In 1988, I suspect the telling of a story about a man with a significant disability was still thought to be a little risky (though it was not without precedent). Now, in 2021, it's riskier still, with so much potential for its portrayal of autism to fail to respond to the pressures of our media and our increasingly fractured views on diversity. Even the casting of an actor without the disability (at least, as far as I know) would raise an eyebrow.
I can't speak about the accuracy of Dustin Hoffman's performance as Raymond, a man with autism, but it struck me as consistent and was totally watchable. Equally entertaining was Tom Cruise as Charlie, his younger brother, a dodgy dealer in car sales, who seemed just as absorbed in his own world, and upset by Raymond crashing into it, as Raymond is trapped in his and frightened by his unexpected withdrawal from the safe haven of the residential facility that had been home for many years.

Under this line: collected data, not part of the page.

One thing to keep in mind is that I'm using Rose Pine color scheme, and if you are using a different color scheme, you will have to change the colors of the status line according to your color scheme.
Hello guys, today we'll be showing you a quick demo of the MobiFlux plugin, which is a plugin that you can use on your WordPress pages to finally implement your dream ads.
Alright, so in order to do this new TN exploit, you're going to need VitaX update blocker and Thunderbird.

I didn't expect it to turn into a road movie, but that enabled the pair time to get to know each other over a quite leisurely period and in neutral locations. Like so many other odd couple tales, the ending was not entirely unpredictable, but it was somewhat abrupt, and distinctly unsentimental. If the screenplay ever led anyone to suspect that there would be some kind of full scale emotional reconciliation, they would be confounded. Neither Hoffman nor Cruise let up for a moment to play to the camera, or turn on the melodrama.

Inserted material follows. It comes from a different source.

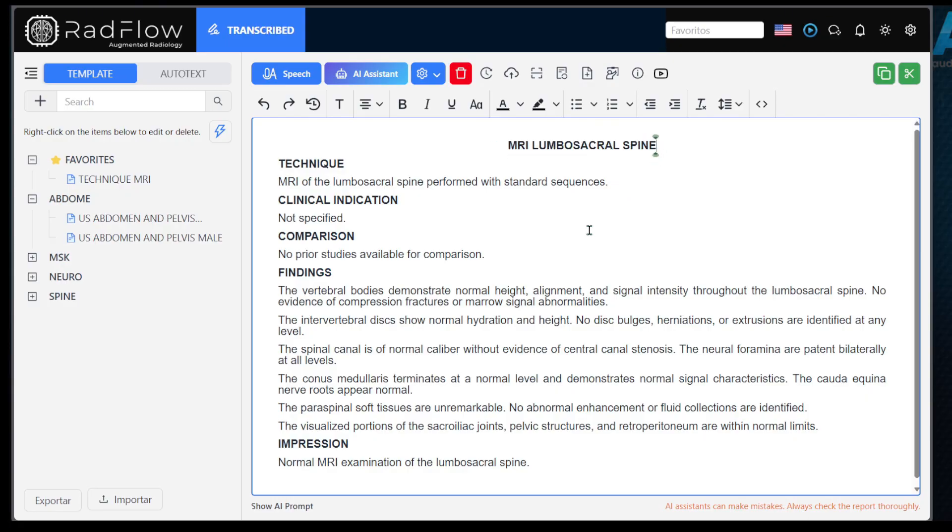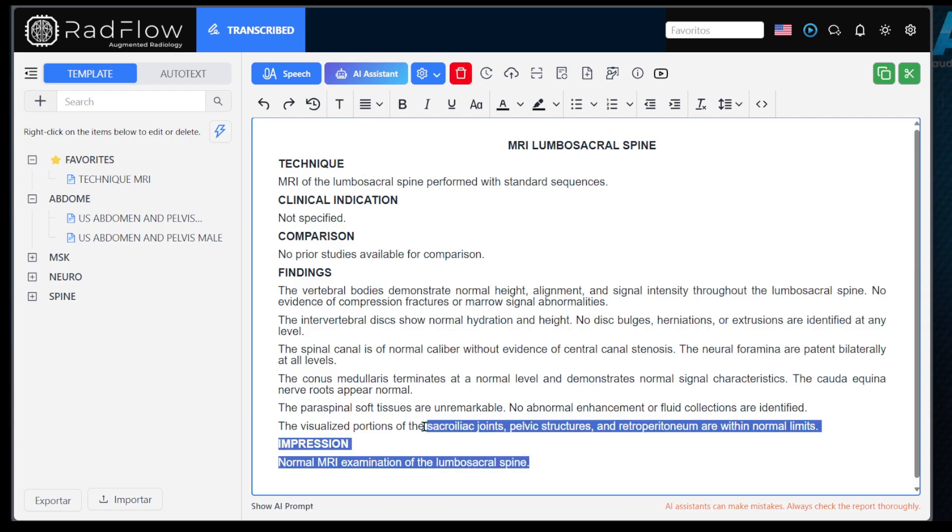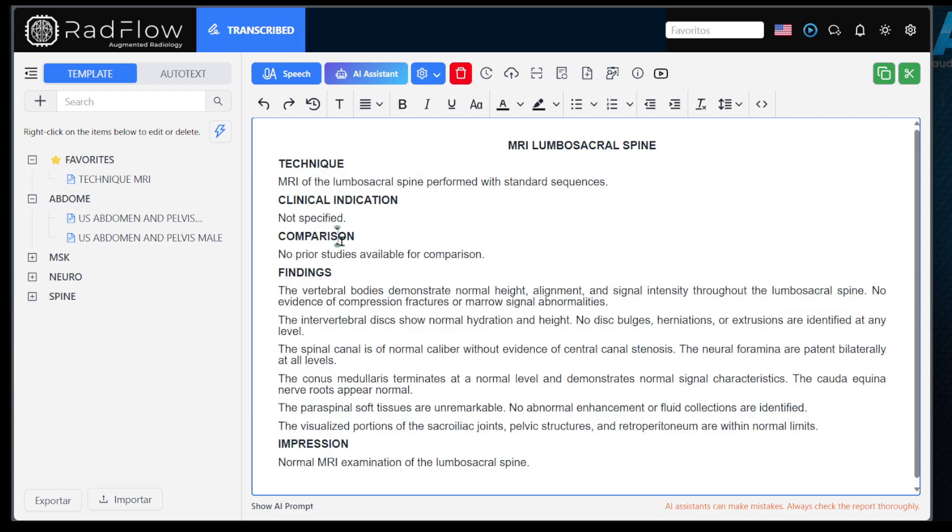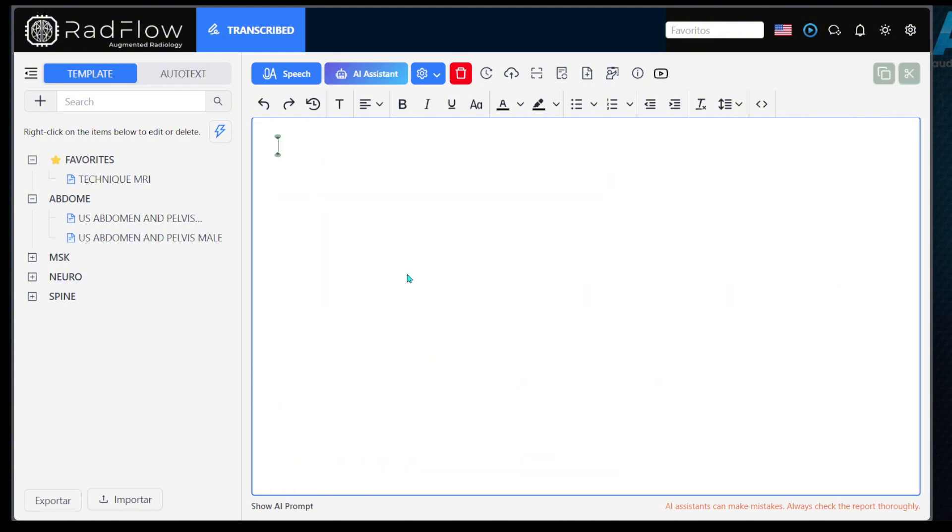When you start recording, you can dictate the entire report freely. There is no need to pause and resume frequently. Even if someone interrupts you, the assistant will transcribe only the relevant content for the report you are working on. Check out this example.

Is it right to make entertainment from watching 'screen autism'? It was difficult to put this question aside while I was watching, but because the direction of travel is so wholly towards embracing Raymond for what he is, without pity or mawkishness it seemed to me a valid film. There were moments of tension and alarm (the burning toaster, the card game) and uncertainty (the girlfriend kissing Raymond in the lift - what was that about?) but the pauses to admire the American landscape - both the glories of nature and the tacky 'burbs and roadside stops - felt like a reassuring paternal pat on the head. In other words, this film was not going to introduce any jarring or untoward elements.

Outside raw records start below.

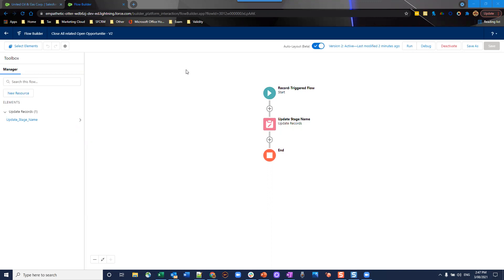In this particular use case, what we're looking at is making it easier once your reps or your salespeople have closed one, an opportunity. In the business world, you probably have many in-flight opportunities all at once.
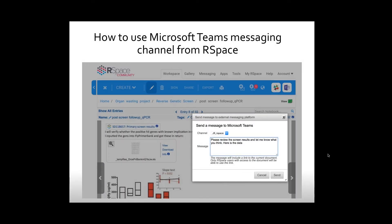Clicking this icon will enable you to directly post a message or RSpace document link to Microsoft Teams like other messaging apps RSpace has integrated with.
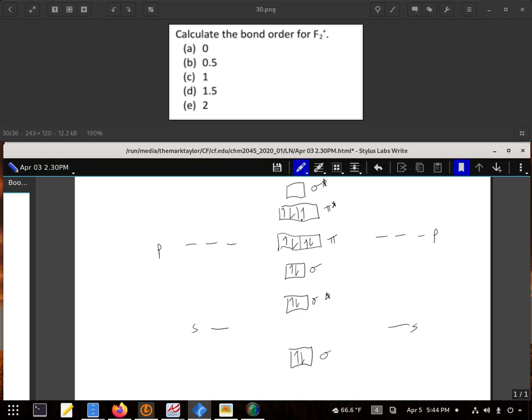And then to get our bond order, we're going to add up all of the bonding electrons, those two, two, and those four. Subtract all the antibonding orbitals, two and three, and then divide that by two.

It won Oscars for Best Picture, Director, Actor and Screenplay, but it has since acquired only a modest score (65) on Metacritic, the aggregate dragged down by some fierce criticism from such as Pauline Kael. Kael has a point, I think, when she says that the plot is 'rigged' at the point where they make a killing at cards, in contrast to the rest of the film's quiet and understated tenor. I am less inclined to agree with her rejection of the claim - echoed in Schneider - that this is more about the conversion of Charlie into a more humane being. Hoffman's role may be the more eye-catching, but as Kael herself recognised, it was a monochrome performance, enabling Cruise to take centre stage.
1001 Movies Review
Actually, the book offers little comment, mostly facts about the film's production and plot. "Most impressive here is Cruise, who [...] expertly depicts a shallow man who finally finds some depth in his life..." it says. Apparently, that's the main reason for watching. Are there are other less relevant movies about shallow men? Nothing springs to mind, but I'm sure I'll come across one soon enough. I agree that Tom is impressive, but Dustin is equally so, and deserved his recognition.